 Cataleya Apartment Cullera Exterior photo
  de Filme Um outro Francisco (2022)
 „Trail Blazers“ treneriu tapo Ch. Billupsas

---

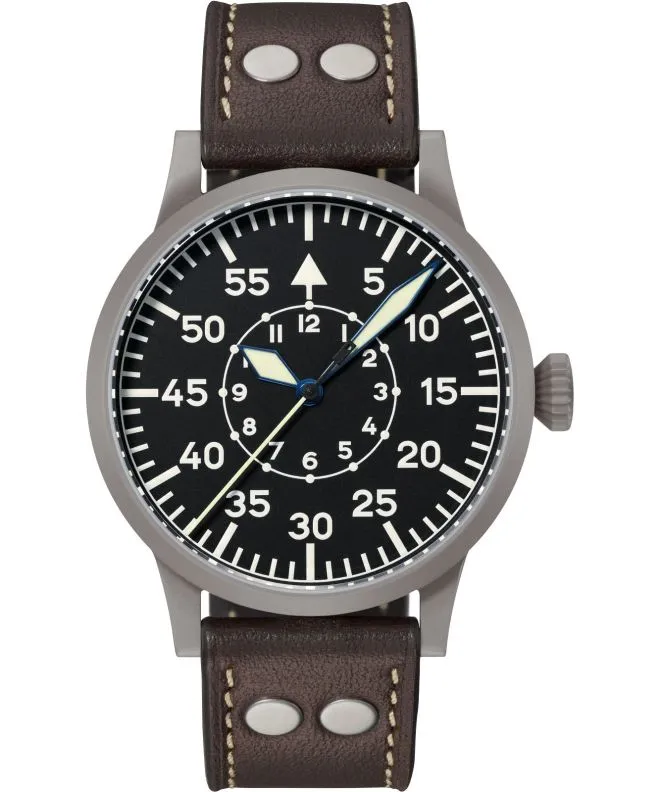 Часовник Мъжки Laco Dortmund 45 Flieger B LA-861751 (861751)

---

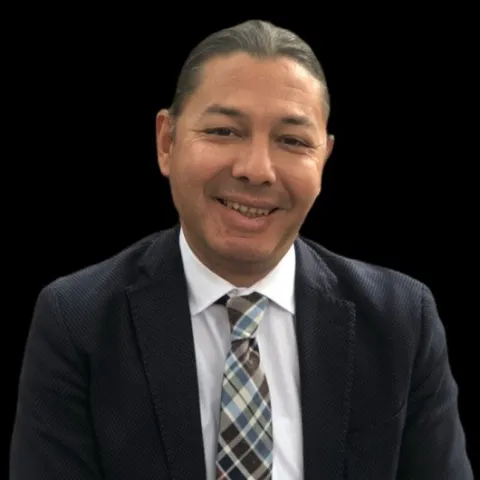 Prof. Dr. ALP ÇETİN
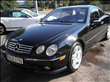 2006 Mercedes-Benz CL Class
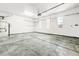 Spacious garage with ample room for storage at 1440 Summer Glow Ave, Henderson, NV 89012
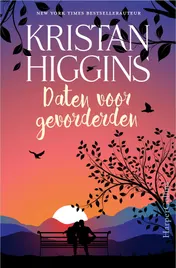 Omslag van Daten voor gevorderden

#### What you have to do
There is a run of lines above from the one with "Cataleya Apartment Cullera Exterior photo" to the one with "tapo Ch. Billupsas"; print exactly that run, both ends included, and nothing else.

#### Your solution
 Cataleya Apartment Cullera Exterior photo
  de Filme Um outro Francisco (2022)
 „Trail Blazers“ treneriu tapo Ch. Billupsas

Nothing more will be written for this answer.